Conservative MP, former spymaster urge Trudeau to ban Huawei

Richard Fadden and Erin O'Toole both strongly urge Justin Trudeau to ban Huawei from supplying equipment in Canada's 5G networks

As Huawei faces more scrutiny over its 5G networking equipment, the national security adviser to former prime minister Stephen Harper and Conservative Member of Parliament Erin O’Toole are strongly urging the Canadian government to ban Huawei.

Over the weekend, Richard Fadden, Harper’s national security adviser from 2013 to 2015, penned an editorial in The Globe and Mail stating his concern as to what China could do if it had access to Canada’s networks.

“If China would resort to putting Canadians to death to defend its corporate national champion, what might it do if the Chinese Communist Party had unfettered access to Canada’s vital communications network?” Fadden asked in the January 20th, 2019 piece.

Fadden was referring to Robert Schellenberg who was sentenced to death on January 14th, 2019 for drug smuggling. Schellenberg’s death sentence has been viewed as another form of retaliation by China against Canada for arresting Huawei’s chief financial officer Meng Wanzhou in Vancouver on December 1st, 2018.

Meng was arrested on fraud-related charges. She was granted bail but faces extradition to the U.S.

Former Canadian diplomat Michael Kovrig and entrepreneur Michael Spavor were previously detained shortly after Meng’s arrest and are currently held in custody by Chinese authorities.

Canada has had a relationship with the telecommunications giant since 2008. Since coming here, Huawei has built research partnerships with several universities and is working with Bell and Telus to provide 5G equipment.

MobileSyrup reported on January 19th, 2019 that Vancouver-based carrier Telus released a memo sometime last week to about 30,000 employees last week defending its use of Huawei equipment.

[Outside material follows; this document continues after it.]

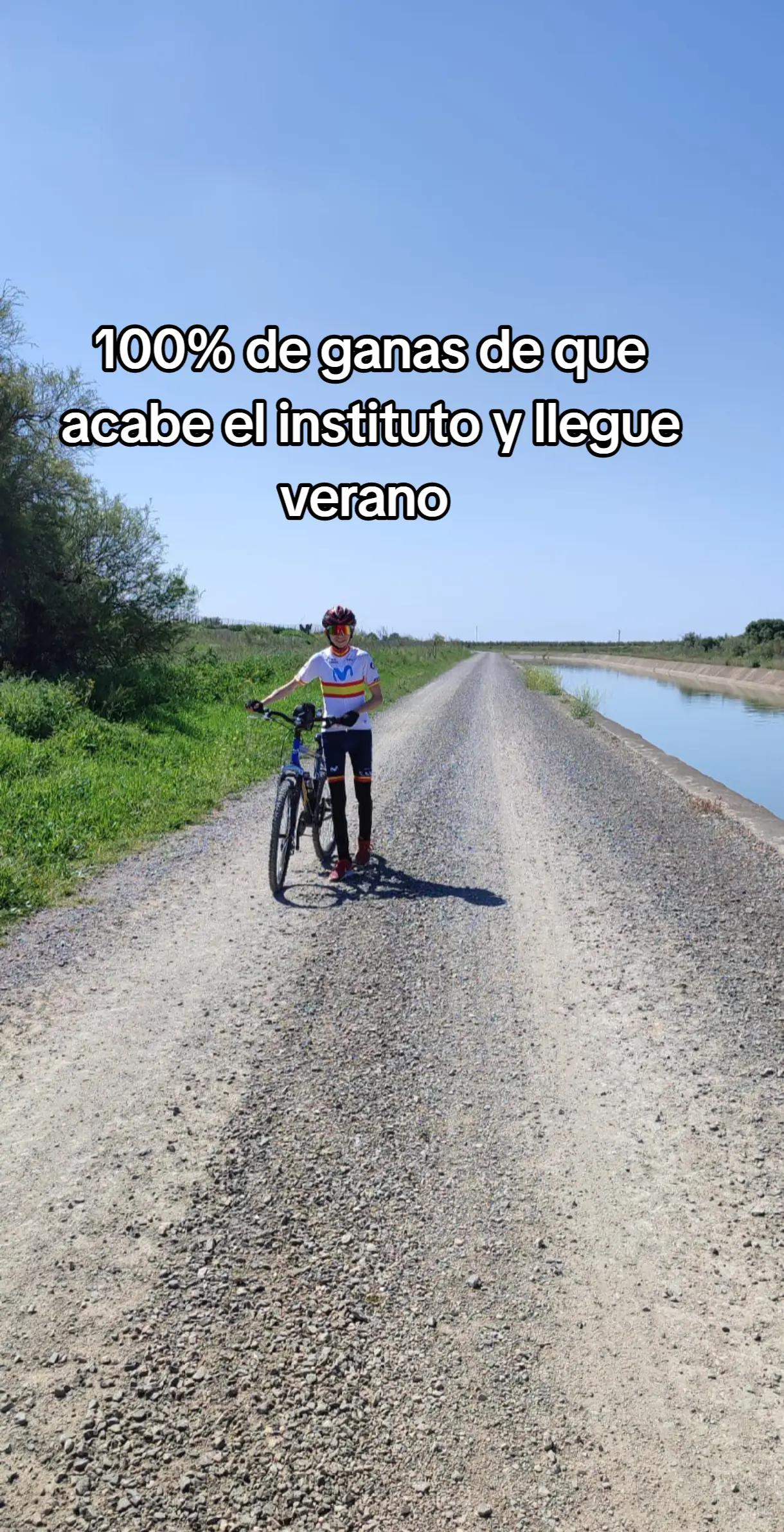 @Rubenelpro21YT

Telus’ executive vice president of technology strategy, Eros Spadotto, penned the memo. Further, Spadotto concluded it by saying: “Clearly, Huawei remains a viable and reliable participant in the Canadian telecommunications space, bolstered by globally leading innovation, comprehensive security measures, and new software upgrades.”

On January 19th, 2019, Montreal-based carrier Bell also sent a memo to its employees defending Huawei.

The memo notes that there are no safety related concerns with the Huawei smartphones Bell offers to Canadian consumers. It added that the debate is about a network that hasn’t even been launched in Canada yet.

Out of fear of cybersecurity attacks, the U.S. banned the company from providing 5G equipment in August 2018.

Following the U.S., Australia and New Zealand have also banned the company. The three countries are part of the Five Eyes-intelligence sharing alliance. Other members include Canada and the U.K., both countries currently are still working with Huawei.

Public Safety Minister told reporters during the Liberal cabinet retreat in Sherbrooke, Que. that the government continues to look into the security implications and technical standards that relate to the deployment of 5G networks in Canada.

“The process is obviously ongoing, we are examining the security issues as well as the technical issues with a great deal of care. We’ve made it abundantly clear that we will not compromise national security,” Goodale said on January 18th, 2019.

However, Goodale told The Canadian Press on January 21st, 2019, that there were other firms that can build out 5G networks.

Right now, Canadian officials are conducting two reviews separate to 5G rolling out in Canada, one with regards to spectrum, and another concerning national security.

But Fadden said that if China will do anything to protect its country, Canada should be forceful and do the same.

“Denying Huawei participation in our 5G network is not a rejection of engagement with China. There is no option to not engage with China, which is an emerging superpower with no real counterweight in the West, thanks to an unpredictable U.S. administration.

“The current spat will be resolved not through public exchanges but through back channels, perhaps through an interlocutor. But in the meantime, Canada cannot be deterred from defending its interests by strong words from Beijing,” he said.

O’Toole, who is also the foreign affairs critic for the Tories, said during an interview on Global News’ West Block that Prime Minister Justin Trudeau needs to show “leadership” by banning Huawei.

“This is at its heart, Huawei,” said O’Toole. “We’ve been calling for some time for Canada to be clear like our other allies in the Five Eyes. Huawei should not be part of our 5G network.”